At the end of last year the Met Office revised its ten-year forecast predicting a succession of years breaking records for warmth. It now says the pause in warming will last until at least 2017. A glance at the graph will confirm that the world will be cooler than even the coolest scenario predicted.
Its source is impeccable. The line showing world temperatures comes from the Met Office ‘HadCRUT4’ database, which contains readings from more than 30,000 measuring posts. This was added to the 75 and 95 per cent certainty bands to produce the graph by a group that amalgamates the work of 20 climate model centres working for the IPCC.
Predictions of global warming, based on scientists’ forecasts of how fast increasing CO2 levels would cause temperatures to rise, directly led to Britain’s Climate Change Act. This commits the UK to cut emissions by 80 per cent by 2050.
1977 - THE YEAR WE WERE TOLD TO FEAR TERROR OF...GLOBAL COOLING
In the Seventies, scientists and policymakers were just as concerned about a looming ‘ice age’ as they have been lately about global warming – as the Time magazine cover pictured here illustrates.
Temperatures had been falling since the beginning of the Forties. Professors warned that the trend would continue and food crises were going to get worse because of shorter growing seasons.
Newsweek magazine reported that evidence of cooling was so strong ‘meteorologists are hard-pressed to keep up with it’. But, it lamented, ‘scientists see few signs that government leaders anywhere are even prepared to take the simple measures of introducing the variables of climatic uncertainty into economic projections’. It said the planet was already ‘a sixth of the way towards the next ice age’.
While recently every kind of extreme weather event has been blamed on warming, in the Seventies the culprit was cooling. One article predicted ‘the most devastating outbreak of tornadoes ever recorded’, along with ‘droughts, floods, extended dry spells and long freezes’.
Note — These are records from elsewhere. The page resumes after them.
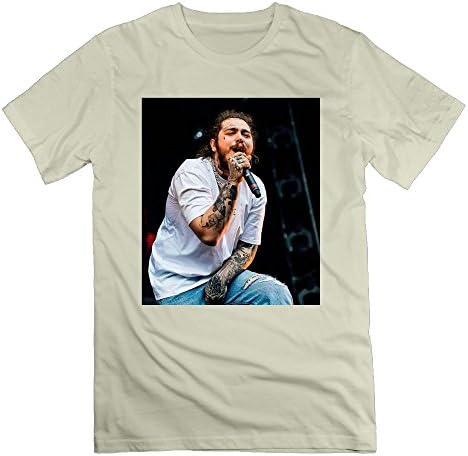 Post Malone Personalized Humor Short-Sleeved Shirt for Man Black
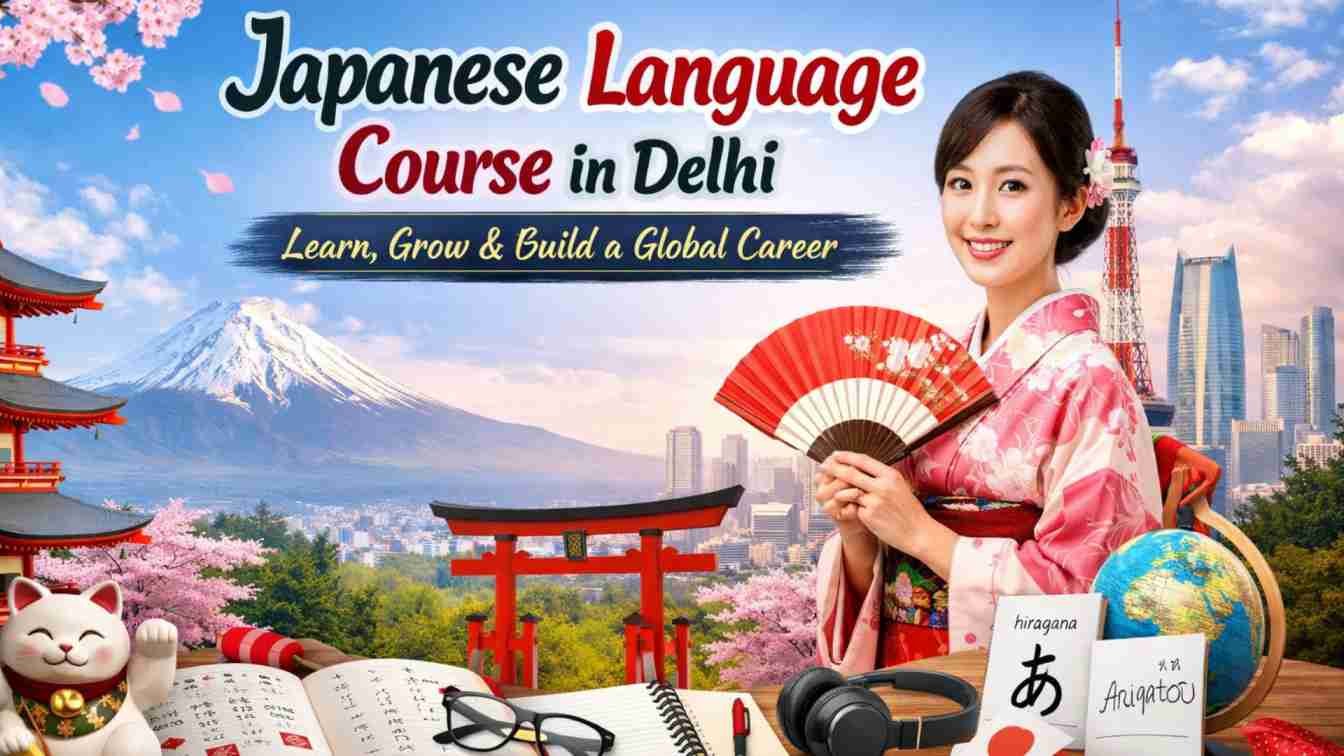 Japanese Language Course in Delhi – Learn, Grow & Build a Global Career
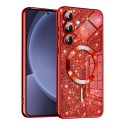 Калъф Techsuit - Luxury Glitter MagSafe - Samsung Galaxy S25 Plus - Red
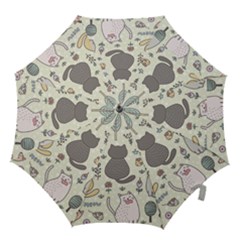 Funny Cartoon Cats Seamless Pattern Hook Handle Umbrellas (small) by Salman4z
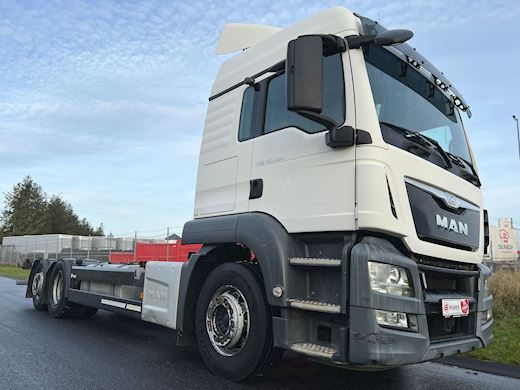 MAN TGS 26-440 6x2-4 LL Veksellad/Container - 1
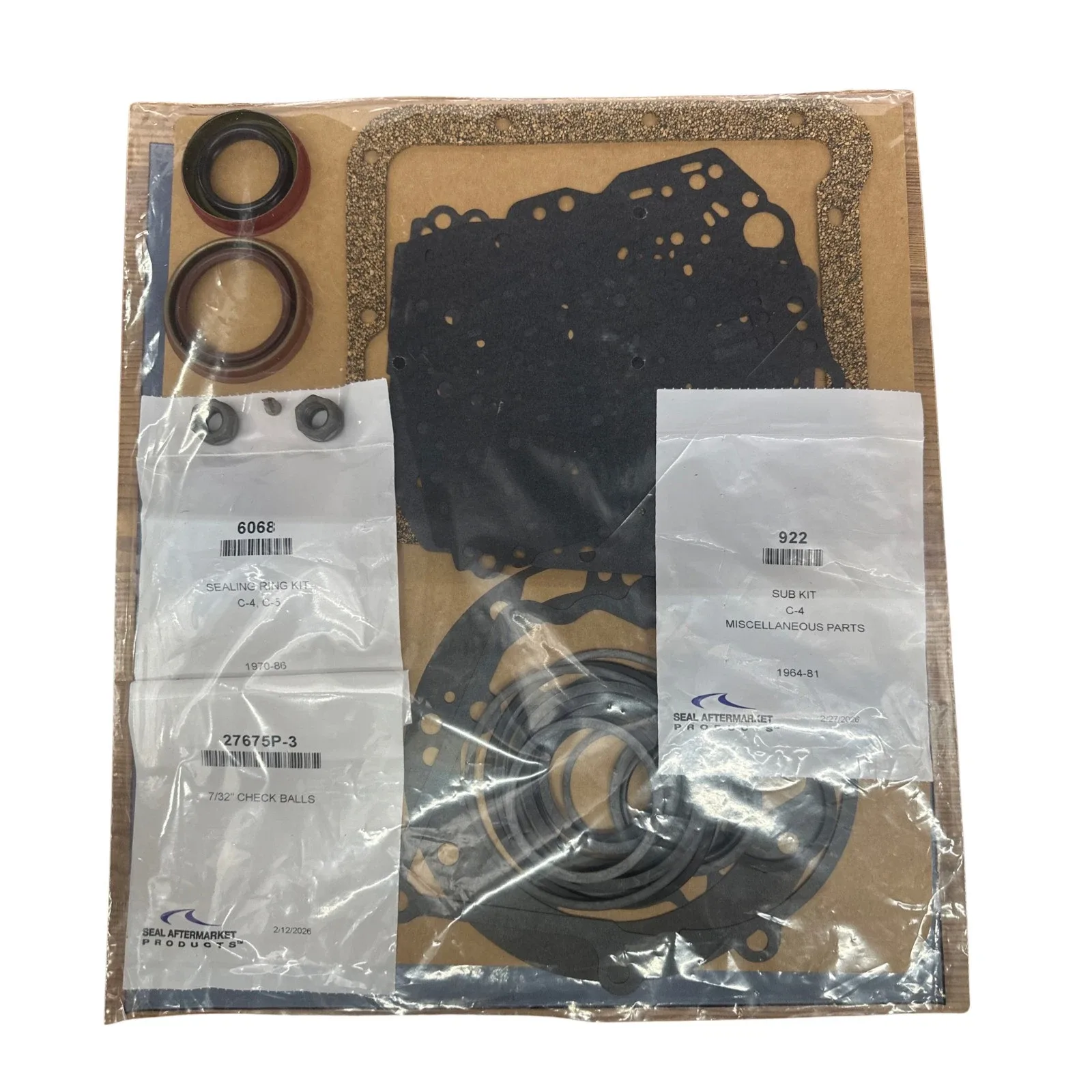 1970-1981 Ford Mustang / F100 / Bronco C4 Transmission Overhaul Kit S26900F image 2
The current Energy Bill is set to increase subsidies for wind turbines to £7.6 billion a year – leading to a combined cost of £110 billion. Motorists will soon see a further 3p per litre rise in the cost of petrol because this now has to contain ‘biofuel’ ethanol.
Many scientists say the pause, and new research into factors such as smoke particles and ocean cycles, has made them rethink what is termed ‘climate sensitivity’ – how much the world will warm for a given level of CO2.
Yesterday Piers Forster, Climate Change Professor at Leeds University, said: ‘The fact that global surface temperatures haven’t risen in the last 15 years, combined with good knowledge of the terms changing climate, make the high estimates unlikely.’
And Professor Judith Curry, head of climate science at the prestigious Georgia Institute of Technology, said: ‘The models are running too hot. The flat trend in global surface temperatures may continue for another decade or two.’Climate scientist Dr James Annan, a prominent ‘warmist’, recently said higher estimates for climate sensitivity now look ‘increasingly untenable’.
Avowed climate sceptics are more unequivocal. Dr David Whitehouse, author of a new report on the pause published on Friday by Lord Lawson’s Global Warming Policy Foundation, said: ‘This changes everything. It means we have much longer to work things out. Global warming should no longer be the main determinant of anyone’s economic or energy policy.’